Comprehensive overview and assessment of computational prediction of microRNA targets in animals.

作者信息

Fan Xiao, Kurgan Lukasz

出版信息

Brief Bioinform. 2015 Sep;16(5):780-94. doi: 10.1093/bib/bbu044. Epub 2014 Dec 2.

Abstract

MicroRNAs (miRNAs) are short endogenous noncoding RNAs that bind to target mRNAs, usually resulting in degradation and translational repression. Identification of miRNA targets is crucial for deciphering functional roles of the numerous miRNAs that are rapidly generated by sequencing efforts. Computational prediction methods are widely used for high-throughput generation of putative miRNA targets. We review a comprehensive collection of 38 miRNA sequence-based computational target predictors in animals that were developed over the past decade. Our in-depth analysis considers all significant perspectives including the underlying predictive methodologies with focus on how they draw from the mechanistic basis of the miRNA-mRNA interaction. We also discuss ease of use, availability, impact of the considered predictors and the evaluation protocols that were used to assess them. We are the first to comparatively and comprehensively evaluate seven representative methods when predicting miRNA targets at the duplex and gene levels. The gene-level evaluation is based on three benchmark data sets that rely on different ways to annotate targets including biochemical assays, microarrays and pSILAC. We offer practical advice on selection of appropriate predictors according to certain properties of miRNA sequences, characteristics of a specific application and desired levels of predictive quality. We also discuss future work related to the design of new models, data quality, improved usability, need for standardized evaluation and ability to predict mRNA expression changes.

摘要

微小RNA(miRNA)是短的内源性非编码RNA,其与靶mRNA结合,通常导致降解和翻译抑制。鉴定miRNA靶标对于解读通过测序工作快速产生的众多miRNA的功能作用至关重要。

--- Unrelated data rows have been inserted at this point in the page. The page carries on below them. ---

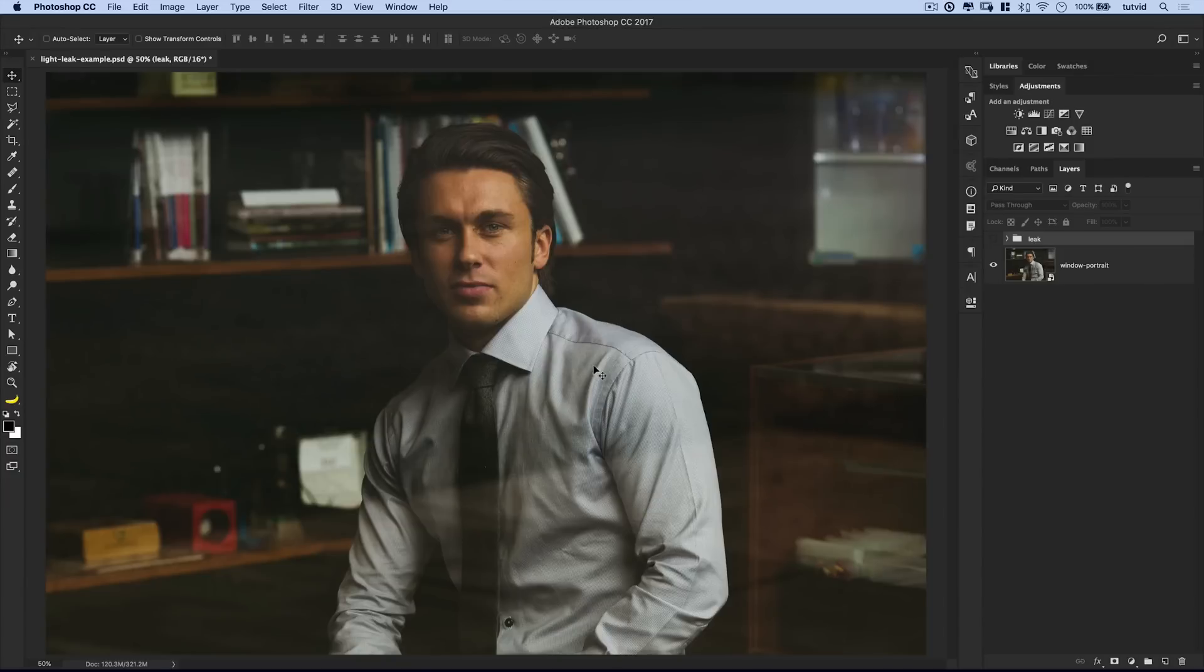If you want to download a bunch of free light leaks, there's a link down in the description. You can download a bunch of free light leaks as well. Have fun with them, use them for whatever you want, no limitations. Alright, so enough with all of that nonsense.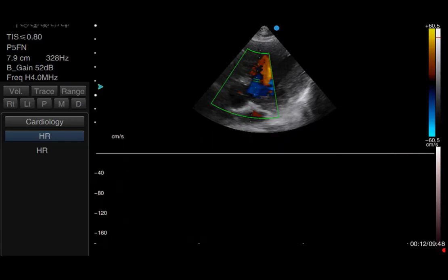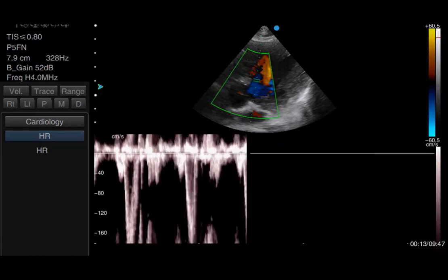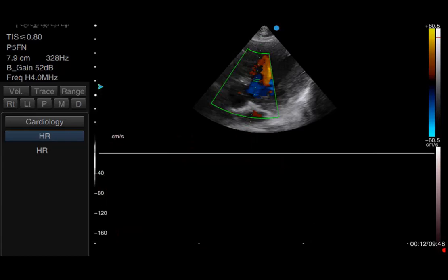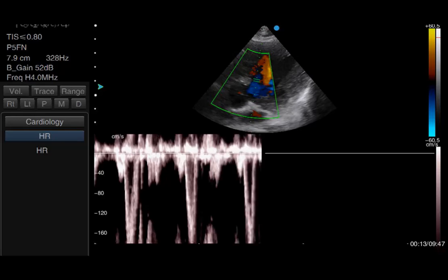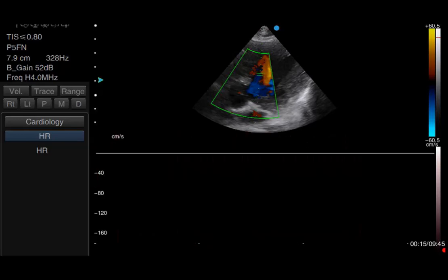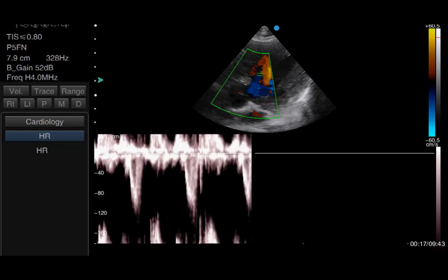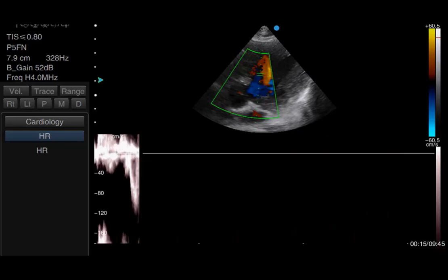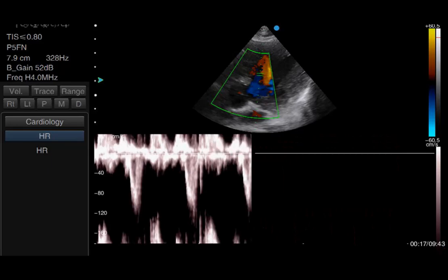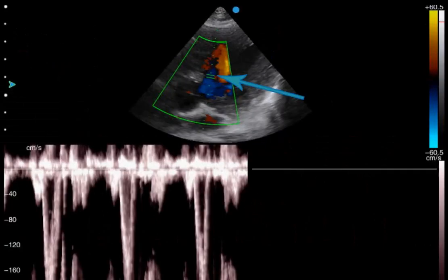Retracting the sample gate slightly results in a slightly less turbulent flow, but still at a velocity far too high for my pulse wave Doppler to sample. Retracting it further still back into the left ventricle finally gives a lower velocity trace — the type of velocities we're used to seeing in the left ventricular outflow tract. This technique allows us to pinpoint exactly where the obstruction is.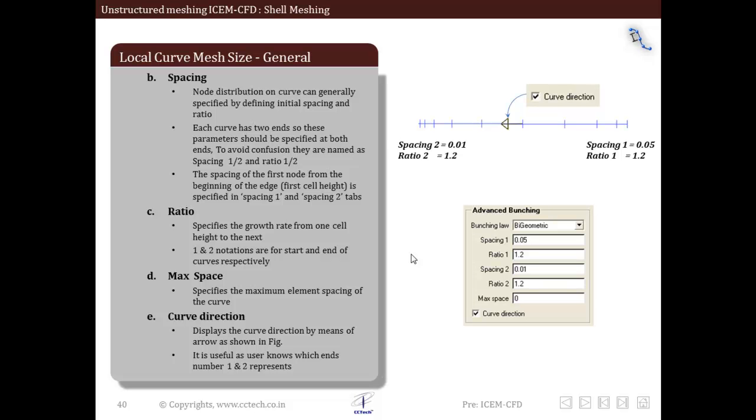The next option used to control the local curve mesh size is spacing. The node distribution on the curve can be specified by different initial spacing and ratio. For the start end it is usually referred to as 1, and for the end of that curve it is referred to as 2.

计算预测方法被广泛用于高通量生成假定的miRNA靶标。我们综述了过去十年中开发的38种基于动物miRNA序列的计算靶标预测工具的综合集合。我们的深入分析考虑了所有重要方面,包括潜在的预测方法,重点是它们如何从miRNA-mRNA相互作用的机制基础中得出。我们还讨论了易用性、可用性、所考虑的预测工具的影响以及用于评估它们的评估方案。我们是第一个在双链体和基因水平预测miRNA靶标时对七种代表性方法进行比较和全面评估的。基因水平的评估基于三个基准数据集,这些数据集依赖于不同的注释靶标的方法,包括生化测定、微阵列和脉冲稳定同位素标记氨基酸法(pSILAC)。我们根据miRNA序列的某些特性、特定应用的特点和所需的预测质量水平,就选择合适的预测工具提供实用建议。我们还讨论了与新模型设计、数据质量、改进的可用性、标准化评估的必要性以及预测mRNA表达变化的能力相关的未来工作。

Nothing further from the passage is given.